GOAL OF THE EXERCISE: Once the line containing "Maillot de bain" is found in the entries below, restate it and each following line word for word, stopping after the line containing "Image 3: 21-Lanai".

RECORDS SHOWN:
--- START ---
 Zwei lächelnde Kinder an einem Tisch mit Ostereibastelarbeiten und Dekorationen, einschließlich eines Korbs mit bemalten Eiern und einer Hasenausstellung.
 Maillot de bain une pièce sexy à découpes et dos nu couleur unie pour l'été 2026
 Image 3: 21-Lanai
--- END ---
--- START ---
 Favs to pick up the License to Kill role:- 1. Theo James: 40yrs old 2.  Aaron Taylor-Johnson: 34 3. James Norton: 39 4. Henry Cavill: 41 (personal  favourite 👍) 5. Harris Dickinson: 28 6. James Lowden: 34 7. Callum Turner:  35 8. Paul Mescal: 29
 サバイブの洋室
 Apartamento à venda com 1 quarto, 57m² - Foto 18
--- END ---
ANSWER TO THIS PROBLEM:
 Maillot de bain une pièce sexy à découpes et dos nu couleur unie pour l'été 2026
 Image 3: 21-Lanai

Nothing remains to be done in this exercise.